[[ RECORDS SUPPLIED, beginning ]]
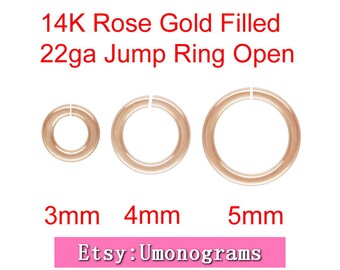 14K Rose Gold Filled 3mm,4mm,5mm Outside Diameter Open Jump Rings 22 gauge 0.64mm Wholesale BULK DIY Jewelry Findings 1/20 14kt RGF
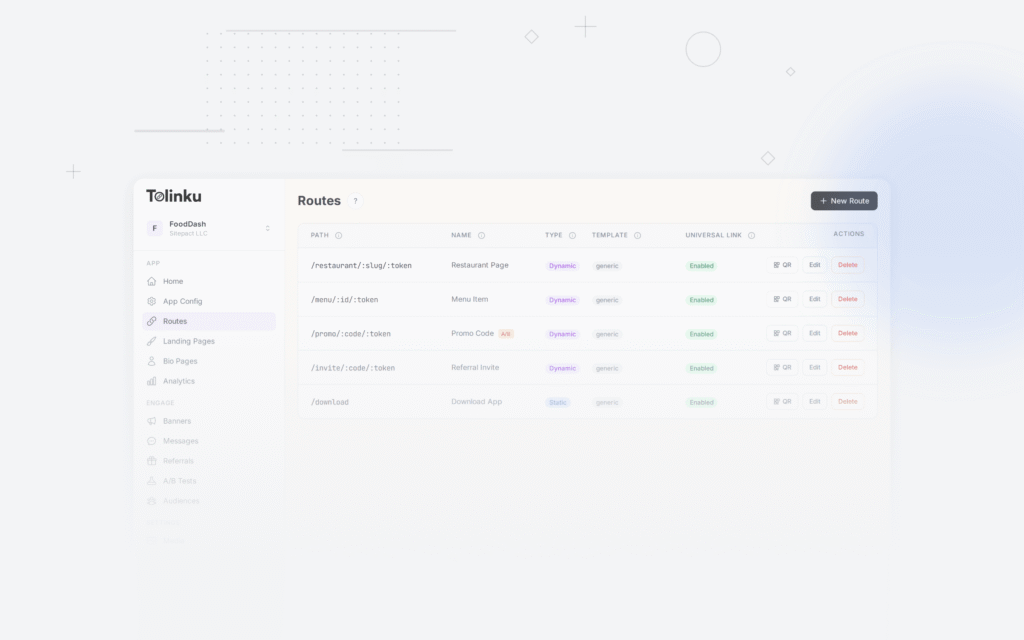 Tolinku universal links dashboard screenshot for ios blog posts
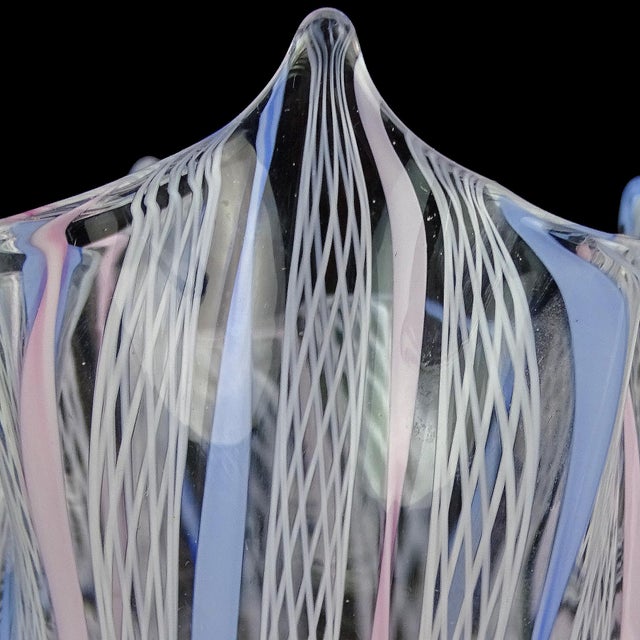 Murano Fazzoletto White Pink Blue Ribbons Italian Art Glass Handkerchief Flower Vanity Vase For Sale In Orlando - Image 6 of 6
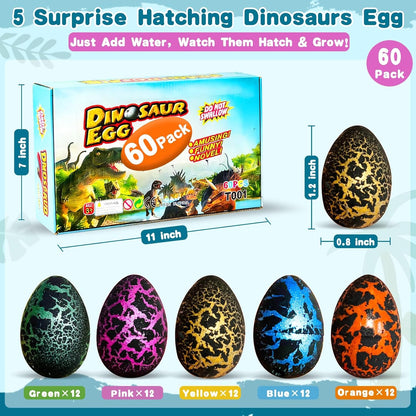 60 Pcs Hatching Dinosaur Eggs for Kids Party Favors, Easter Egg Filled with Toys Novelty Grow in Water Dino Eggs with Toys Inside Easter Basket Stuffers Birthday Gifts, Classroom Prize, Pinata Fillers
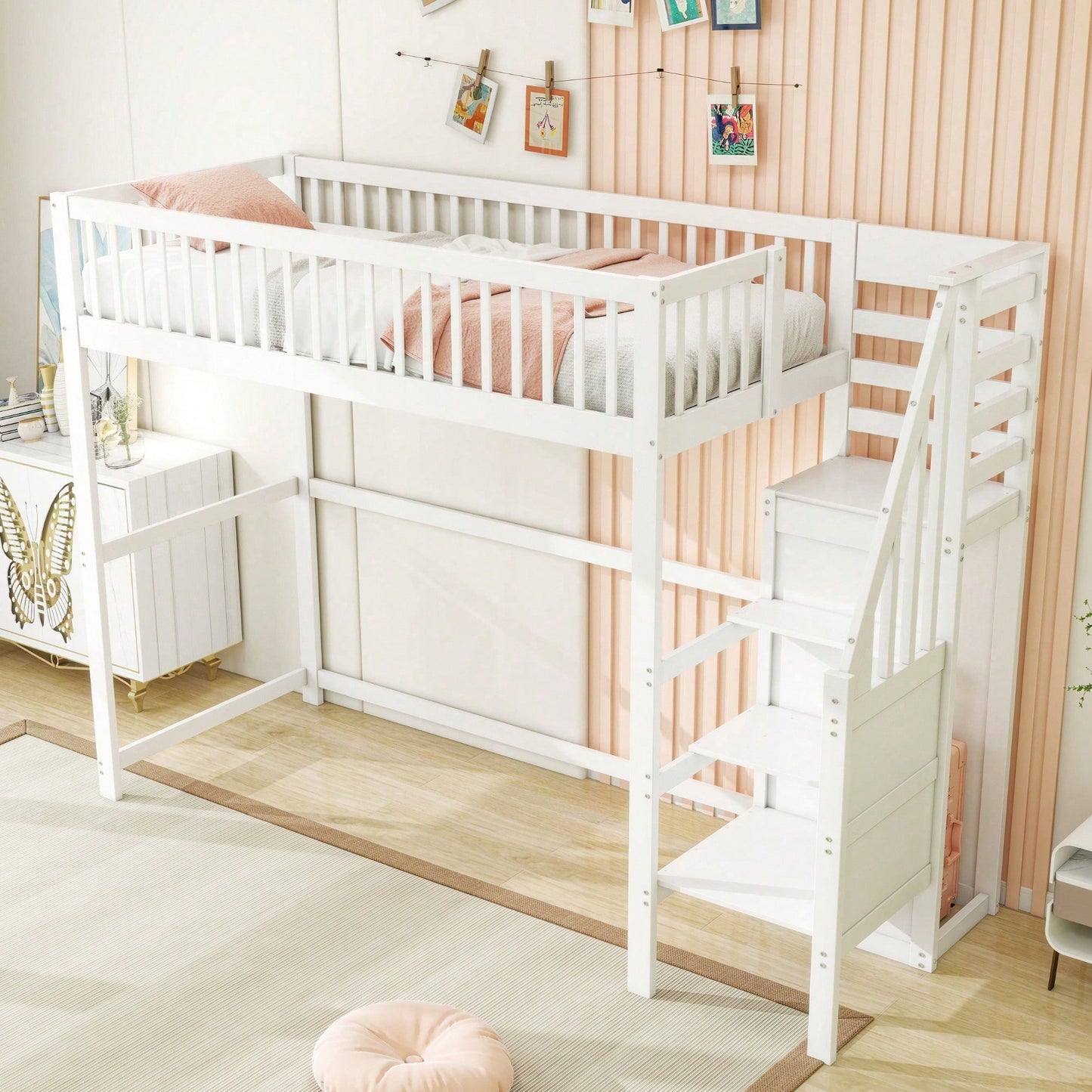 Weißes Kinder-Hochbett 90x200 mit Treppe & Aufbewahrungsregal – inkl. Kleiderschrank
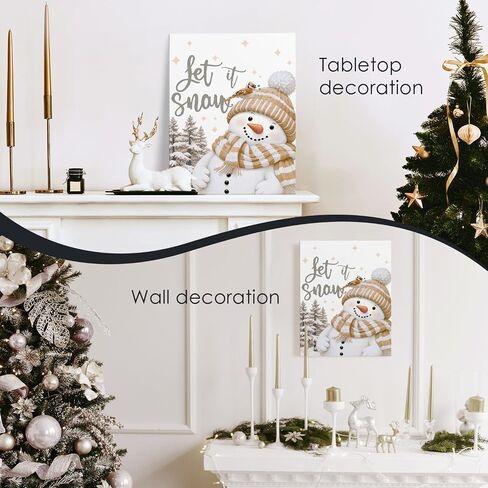 Let It Snow Blue Snowman Winter Wall Art Poster, Blue Snowman Decor, Rustic Winter Christmas Xmas Pictures Wall Decor for Home Living Room Bedroom, 11x14 Inch Framed in Saudi Arabia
[[ RECORDS SUPPLIED, end ]]
* _TASK STATEMENT_: Each line of the listing above belongs in the answer exactly as written; the pictures do not.

* _RESULT FOR THIS EXERCISE_:
 14K Rose Gold Filled 3mm,4mm,5mm Outside Diameter Open Jump Rings 22 gauge 0.64mm Wholesale BULK DIY Jewelry Findings 1/20 14kt RGF
 Tolinku universal links dashboard screenshot for ios blog posts
 Murano Fazzoletto White Pink Blue Ribbons Italian Art Glass Handkerchief Flower Vanity Vase For Sale In Orlando - Image 6 of 6
 60 Pcs Hatching Dinosaur Eggs for Kids Party Favors, Easter Egg Filled with Toys Novelty Grow in Water Dino Eggs with Toys Inside Easter Basket Stuffers Birthday Gifts, Classroom Prize, Pinata Fillers
 Weißes Kinder-Hochbett 90x200 mit Treppe & Aufbewahrungsregal – inkl. Kleiderschrank
 Let It Snow Blue Snowman Winter Wall Art Poster, Blue Snowman Decor, Rustic Winter Christmas Xmas Pictures Wall Decor for Home Living Room Bedroom, 11x14 Inch Framed in Saudi Arabia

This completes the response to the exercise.